Minneapolis Police Chief Janeé Harteau shook up her senior staff this week, her latest bid to overhaul the city’s police department.

“These changes will allow us to focus on important initiatives that support our mission of improving public safety, public trust and employee engagement and morale,” Harteau said Thursday.

The staffing overhaul includes the creation of a powerful chief of staff position, and the demotion of a commander who just returned from a six-month leave after an unsuccessful run for Hennepin County sheriff.

The staff reshuffling comes as Harteau is working to improve the department’s community relations after criticism from the public that some officers are using excessive force. Harteau’s staffing overhaul also comes as five former high-ranking Minneapolis police officers are suing the chief for age discrimination and retaliation.

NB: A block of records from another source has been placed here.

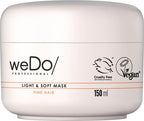 WeDo - Light & Soft - Mask - afbeelding 1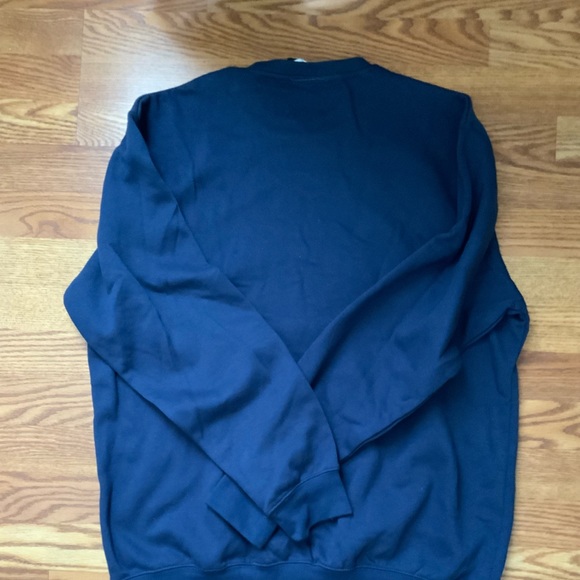 New England Patriots Sweatshirt - Picture 10 of 11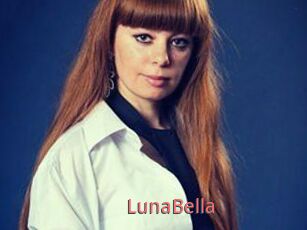 Luna_Bella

Harteau’s new chief of staff will be Medaria Arradondo, a First Precinct inspector who is known as a popular and accessible leader.

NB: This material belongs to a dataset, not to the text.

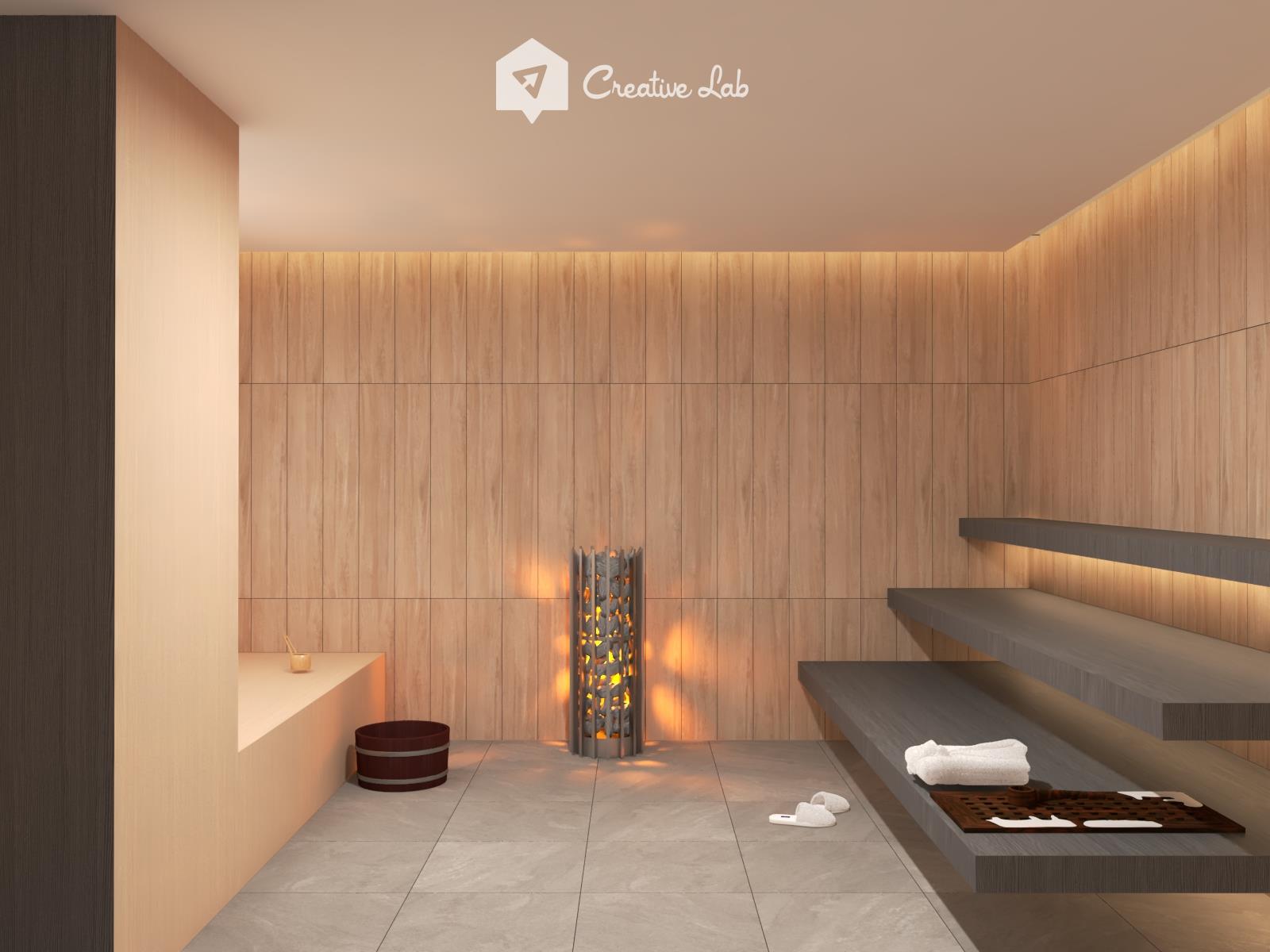 ViSoft element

He will be responsible for directing, managing and overseeing departmentwide initiatives, projects and policy.

Arradondo said that he will act as “a conduit between my office, the mayor’s office and the City Council.”

Among his duties are overseeing “fair and impartial policing training” and acting as an intermediary between the department and city leaders, police officials said.

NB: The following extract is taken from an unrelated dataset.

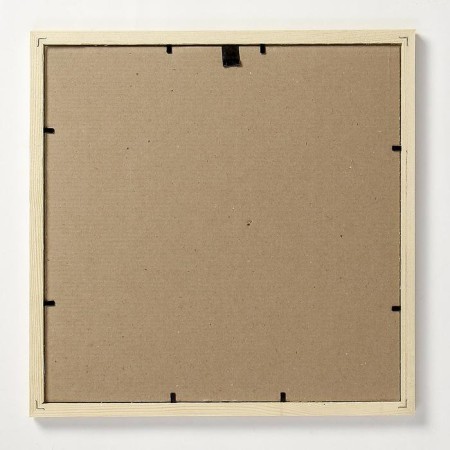 Roof photo frame 2/2 30x30 cm-3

This is familiar territory for Arradondo, who acted in a similar capacity for former chief Robert Olson.

It was unclear whether he will also report to assistant chief Matt Clark, who withdrew from consideration for the police chief job in Bellevue, Wash., earlier in November.

Council Member Blong Yang said he was convinced that Arradondo, a 25-year veteran, is the right officer “to facilitate that sort of engagement that was needed.”

“I think he is going to plug in a lot of holes that they may have had,” said Yang, who chairs the public safety committee. “Anytime you have a new chief, you expect that something is going to change.”

Harteau is demoting deputy chief of patrol Eddie Frizell, who unsuccessfully ran for Hennepin County sheriff. He moves to the newly created rank of commander of operations and administration, putting him in charge of recruitment and hiring.

Frizell said he was dismayed that he was not given an explanation for his demotion, on his first day back from a six-month leave of absence to challenge incumbent Sheriff Rich Stanek

“I didn’t deserve this,” Frizell said.

He was previously recognized for overseeing significant crime reduction in the First Precinct and for improving community engagement efforts.

In his absence, command of the patrol division was returned to the control of the assistant chief, an arrangement that provided “more synergy and continuity,” Harteau said.

The new police chief has made no secret of her intention to revamp the department’s management.

Mike Kjos, previously the inspector in the Fourth Precinct, which includes swaths of north Minneapolis, was pulled downtown to lead the First Precinct.

His reassignment led to the promotion of Mike Friestleben, a lieutenant in the Fourth Precinct, to inspector.

Robert Skoro, commander of the Special Operations Division, was also demoted to his civil service rank of lieutenant and reassigned, officials said.

“It is my goal to align the department so we can continuously improve and adjust to our changing needs,” Harteau said. “[Next year] will be a year of adding stability to our operations while the MPD continues to be forward-thinking and innovative.”